My life swings violently between extremes. Like if today was the first day you had ever met me, you’d probably be vaguely disappointed with what you saw; rolled up sweatpants, dirty Nikes and 100 yard stare peeking out from behind next-level eyebags, slowly stalking around used videogame shops for a cheap copy of Guitar Hero 3. Then later I managed to get up the energy to sit in front of the TV and watch the entire run down of The Offspring’s 50 Rock Videos You Have To Download. You might describe me as a lazy bum, and for that day you’d be right. Had you bumped into me on Monday though, oooof sir, you’d have a different story to tell. Well except for the Nikes.

Monday morning began at 6am. It is no exaggeration here that the only times I ever see 6am are if I’m catching a flight to the US or I’m getting the bus back from town after an ill-advised session at Satan’s. I have maybe 2 hours to get to Manchester to meet with Vic from NOISE Festival and do my interview spot on BBC Radio Manchester and then later paint a live portrait of Chancellor Alistair Darling to launch the NOISE Dream Jobs for 2008. Already stressed by this fairly weighty responsibility after only 5 minutes of being awake I decide to burn off the tension on the ole ‘AT Cruiser’, or the exercise bike to you guys. Then it’s into the shower and on to the bus where I listen to various musical classics from the Fall Out Boy ouvre in an effort to kickstart my personality.

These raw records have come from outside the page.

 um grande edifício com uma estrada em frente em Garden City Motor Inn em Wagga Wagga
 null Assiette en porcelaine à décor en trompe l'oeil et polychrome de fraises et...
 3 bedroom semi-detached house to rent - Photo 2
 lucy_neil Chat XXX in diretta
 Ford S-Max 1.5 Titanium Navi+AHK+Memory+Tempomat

I don’t like to be cocky, even though I am the best at it, but those of you who happened to catch the interview witnessed maybe the most sublime 3 minutes of 2hands based, Noise Festival pimping you’re ever going to hear on the radio. But my press-juggernaut couldn’t stay parked as it’s on to prepare for the main event; the arrival of Chancellor Darling. Even though there was hours of preparation and waiting and fuss the time limit I had to paint him in turned out to only be 30 minutes, so yeah, no time for love Dr Jones. With game-time approaching I figured a hungry artist is not a happy artist so I ran off to remedy this while final preparations were being made. If you learn nothing else from this blog do not ever eat at Subway before a meeting with the Chancellor of the Exchequer. Three words; Bad. Jalapeno. Experience.

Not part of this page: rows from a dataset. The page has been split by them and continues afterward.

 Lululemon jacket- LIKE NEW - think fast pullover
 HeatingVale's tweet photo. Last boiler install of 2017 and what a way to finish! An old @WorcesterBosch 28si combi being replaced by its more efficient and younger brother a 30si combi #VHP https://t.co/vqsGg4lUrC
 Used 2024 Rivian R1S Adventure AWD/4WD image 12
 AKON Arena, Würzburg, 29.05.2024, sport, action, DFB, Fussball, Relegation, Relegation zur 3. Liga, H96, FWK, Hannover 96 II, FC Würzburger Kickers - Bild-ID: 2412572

So anyway, the D-Boy rolls up with his press people and entourage. Furious painting of eyebrows is happening at the same time as talking and TV filming and pens falling out of my hat at inopportune moments and canvasses wobbling around on McGuyvered-up easels, although between the struggle to maintain art-focus and the jalapenos destroying my insides I really couldn’t tell you much in the way of specifics. Apparently there were some gypsies? And there might have been a secret service guy in the corner acting like Solid Snake? All I know is that despite the pressure my art jutsu was strong and there’s gonna be an extra painting on the walls at Downing Street, you feel me?

So Captain Eyebrows leaves and everyone collapses from exhaustion and breathes a collective sigh of relief, except for me who realises my toes have clearly been sticking out a hole in the side of my right shoe the entire time. Then I summoned some more personality for another newspaper interview and answer more questions about my life and style and 2hands alter-ego, which by this time is all starting to feel a little Bruce Wayne/Vicky Vale.

What am I trying to get at here? I’m saying that thanks to Noise Festival I had another first class day with members of the British Government. I’m also saying that this press shindig is some hardass, grindcore work. Not like working in a mine work, more like completing a mental concentration marathon, but still you wouldn’t believe how much sleep I needed afterwards. So next time you see me fumbling around Stockport looking like a slovenly tramp please give me a break, cause chances are I just finished rocking your world somewhere and you don’t even know about it yet.

-2hands

Brian Lee O’Malley, creator of the amazing comic (and soon to be motion picture) Scott Pilgrim got me thinking this morning. Not because of Scott Pilgrim, or because I got told off on his Ning forum for taking a joke about swapping comics for sexytime with women too far*, but more because of what he posted on his LiveJournal. This is what I started thinking…

Art school does a lot of things for you. It takes away a lot of your money, improves your social life and possibly damages your liver forever but what it doesn’t usually do is prepare you for something which is a necessity of working as a professional artist… understanding contracts. Maybe if there was time spent on this then artists young and old wouldn’t get shafted as much or lose rights to their creations. Maybe publishers and clients wouldn’t try to shamelessly use and rip off their creative talent. Maybe the enormous international ‘manga’ corporation called Tokypop wouldn’t get away with doing scandalous shit like this…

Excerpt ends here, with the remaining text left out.